SAN DIEGO, Mar. 29, 2018 — On March 23, 2018, Judge W. Louis Sands, Sr. of the United States District Court for the Middle District of Georgia denied, in substantial part, the defendants’ motion to dismiss in In re Flowers Foods, Inc. Securities Litigation.
The plaintiffs in the case, represented by Johnson Fistel as co-lead counsel, allege that certain directors and officers of Flowers violated the Securities Exchange Act of 1934 and caused significant financial losses to investors as a result. Flowers is a food company that operates two primary business segments—direct-store delivery (“DSD”) and warehouse-delivery, the former of which generates the majority of Flowers’ sales. The complaint alleges that, between February 7, 2013 and August 10, 2016, the defendants knowingly made false and misleading public statements, and withheld material information, concerning Flowers’ business, operations, and prospects. Specifically, the lawsuit contends that defendants misleadingly touted the purported competitive advantages of Flowers’ DSD model while misleading investors about its DSD model’s legal compliance, present and future success, and the risks posed by the DSD model. As a result of these false statements, Flowers’ stock traded at artificially inflated prices during the class period. However, as the truth emerged, including through the U.S. Department of Labor’s announcement that it would conduct a compliance review into Flowers’ classification of distributors, as well as through statements issued by analysts and the defendants themselves, the Company’s stock price declined precipitously, causing significant losses to investors.

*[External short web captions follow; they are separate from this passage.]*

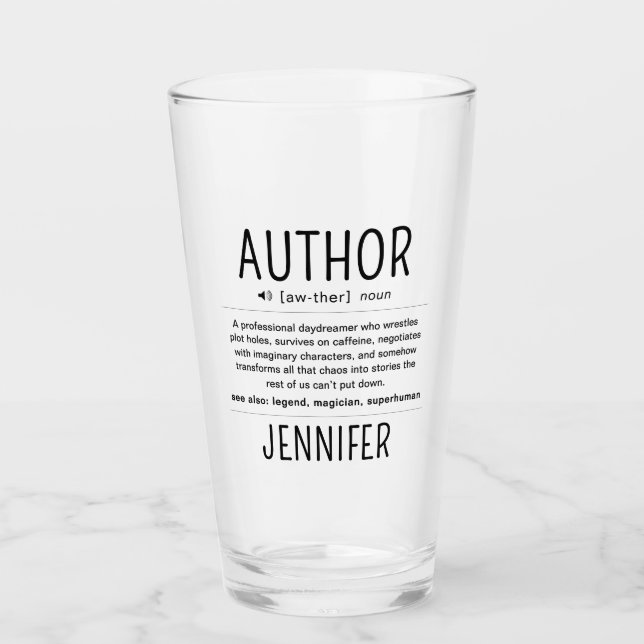 Personalized Funny Author Writer Definition Glass (Front)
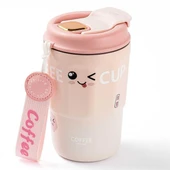 Tantitoni Okadı Pratik Pembe Paslanmaz Çelik Termos Bardak 380ml thumbnail 1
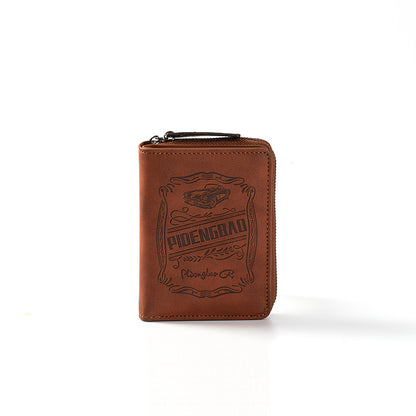 🔥🔥【Disponible en 4 colores】 Cartera de hombre de cuero genuino estilo retro, hecha a mano, con cremallera y ranura para varias tarjetas.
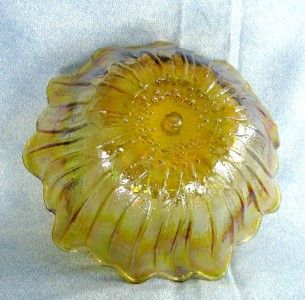 1960s 70s Indiana Glass Lily Pons Amber Carnival Bowl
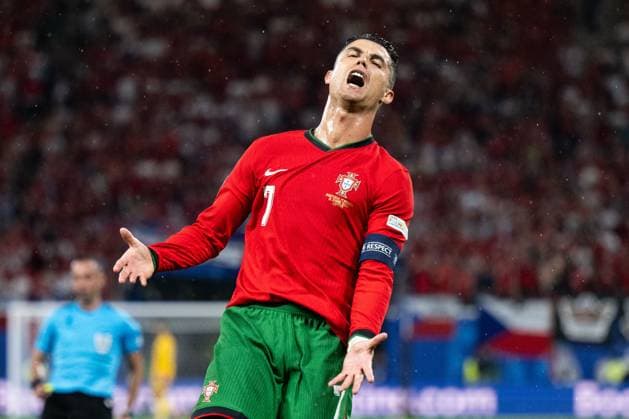 240618 Cristiano Ronaldo of Portugal reacts during the UEFA EURO, EM, Europameisterschaft,Fussball 2024 Football Championship match between Portugal and Czech Republic on June 18, 2024 in Leipzig. Photo: Mathias Bergeld BILDBYRAN kod MB MB0938 fotboll football soccer fotball fotbolls-em europamästerskap em uefa euro uefa european football championship euro 2024 portugal tjeckien czech republic bbeng depp Copyright: MATHIASxBERGELD BB240618MB116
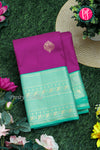 Pure Kanchipuram Silk Saree-Plum And Seagreen-PA25014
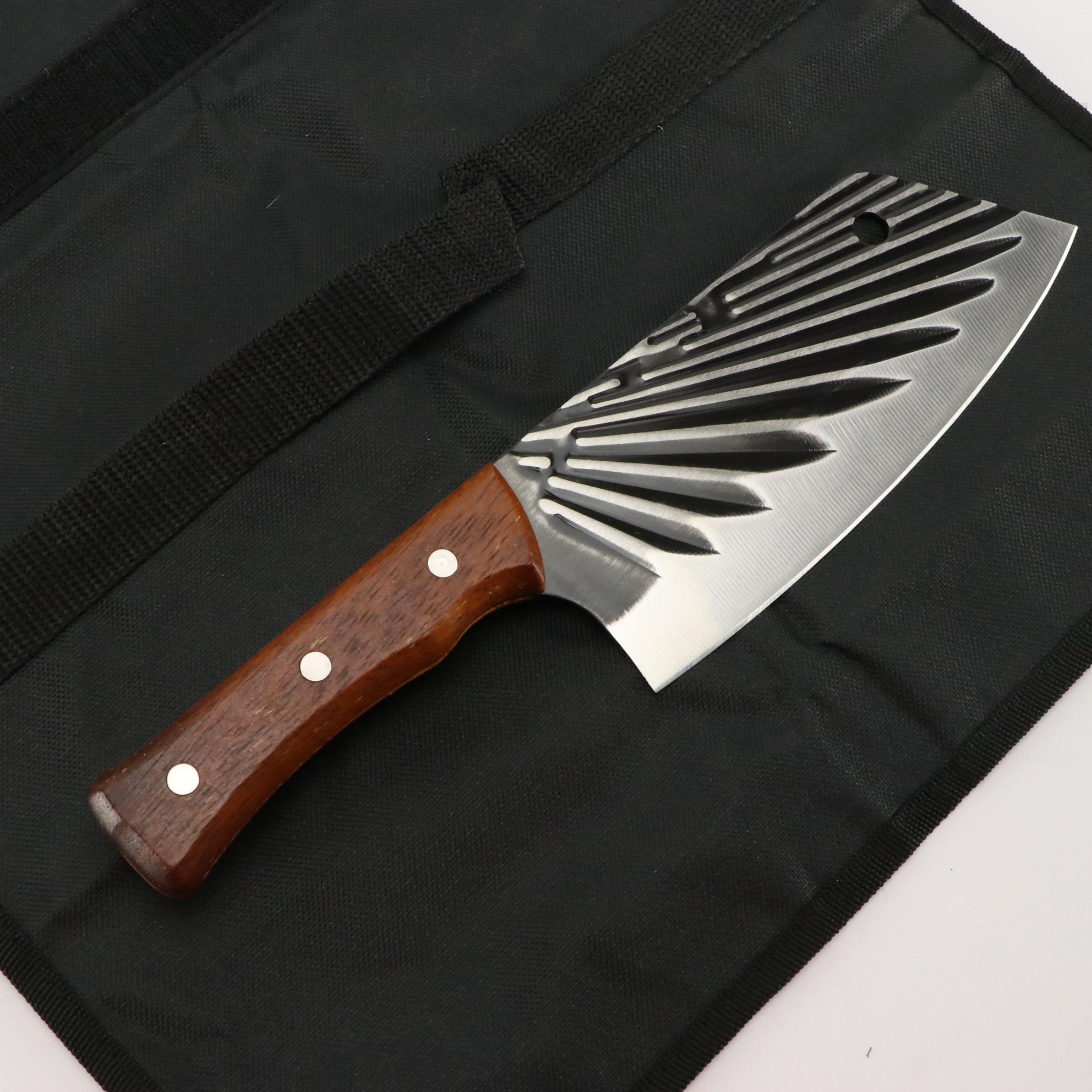 Four Piece Chef's Knife and Cleaver Set in Nylon Roll Case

The defendants moved to dismiss the case, which the court denied in substantial part. The Court explained that “Plaintiff has sufficiently alleged that the challenged opinion statements, including statements that Flowers was complying with the law, were misleading in context because they would ‘conflict with what a reasonable investor would take from the statement itself,’” and that “Defendants did voluntarily tout the benefits of the DSD model and that their failure to disclose known material problems with that model was materially misleading.” The Court further found that the “facts sufficiently allege that Flowers’ management had knowledge that its distributor program was violating laws and that yet Flowers concealed that information and misled investors about its legal compliance, present and future success, and the risks posed by the DSD model,” as well as that “partial corrective disclosures revealed the falsity of Defendants’ prior statements and caused Plaintiff’s losses.”
The case is captioned as In re Flowers Foods, Inc. Securities Litigation, No. 7:16-cv-00222-WLS (M.D. Ga.).
The Johnson Fistel attorneys leading the case include Michael I. Fistel, Jr., William W. Stone, and David A. Weisz.